‘Rent credits will help – a rent freeze would be better’
THE increase in rent tax credit will help tenants – but not as much as a rent freeze would, one renter has said. As part of Budget 2024, the €500 rent tax credit available for both 2022 and 2023 is set to increase to €750 next year. Roux Mellet, 40, is living in a rented apartment in Sligo. Originally from South Africa, he has been in Ireland for more than three years. Mr Mellet, who was helped during a dispute with a landlord by the Community Action Tenants Union (CATU), said although rent credits work, ‘a rent freeze would be better’. ‘People won’t know about it and won’t be aware of it – it’s predicated on people thinking that something is due to them,’ he said. ‘If it was a blanket measure that everyone with a PPSN were to get this credit, then yes.’
He said more aggressive policies should be used to increase housing stock, and a vacancy tax was not proactive enough.
But he said the tenant-in-situ scheme is working.
‘A rent freeze would be amazing, but the uproar that would cause means it’s not something we would likely see.’

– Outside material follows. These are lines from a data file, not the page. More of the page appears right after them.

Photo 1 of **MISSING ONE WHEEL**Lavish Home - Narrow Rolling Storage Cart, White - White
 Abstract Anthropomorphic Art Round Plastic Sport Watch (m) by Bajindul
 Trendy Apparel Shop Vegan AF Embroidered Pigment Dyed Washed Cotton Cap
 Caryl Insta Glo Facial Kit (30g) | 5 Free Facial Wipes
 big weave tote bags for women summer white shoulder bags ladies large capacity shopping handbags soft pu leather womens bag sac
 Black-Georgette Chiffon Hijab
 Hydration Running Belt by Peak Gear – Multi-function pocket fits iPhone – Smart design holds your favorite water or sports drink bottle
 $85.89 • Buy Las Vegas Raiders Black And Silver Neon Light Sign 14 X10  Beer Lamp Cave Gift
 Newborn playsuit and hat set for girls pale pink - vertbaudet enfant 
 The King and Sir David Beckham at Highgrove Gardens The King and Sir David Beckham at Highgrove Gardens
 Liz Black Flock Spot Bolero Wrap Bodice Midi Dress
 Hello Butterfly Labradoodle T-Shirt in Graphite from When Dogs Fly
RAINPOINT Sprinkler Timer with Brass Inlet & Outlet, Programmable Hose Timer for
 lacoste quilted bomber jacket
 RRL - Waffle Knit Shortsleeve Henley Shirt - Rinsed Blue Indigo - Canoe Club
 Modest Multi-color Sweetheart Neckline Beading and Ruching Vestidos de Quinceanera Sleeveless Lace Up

The rent tax credit, worth €1,000 across the years 2023 and 2022, is available to tenants who can claim it by completing a tax return online via Revenue’s MyAccount or by completing a paper return.
Government figures indicate 238,066 households – either couples or individuals – have claimed for the credit as of July, with an estimated 400,000 eligible for the credit.
He said: ‘The (rent credit) is hypothetical.’
He agreed that energy credits and income tax tweaks will help people afford housing.
‘All of these things, they will help some people, and they will help a great amount of people,’ he said.
‘But again, is it enough? It feels these are all just nice little things to roll out. I have to take more than €20 out of my wallet to pay for a pack of tobacco.’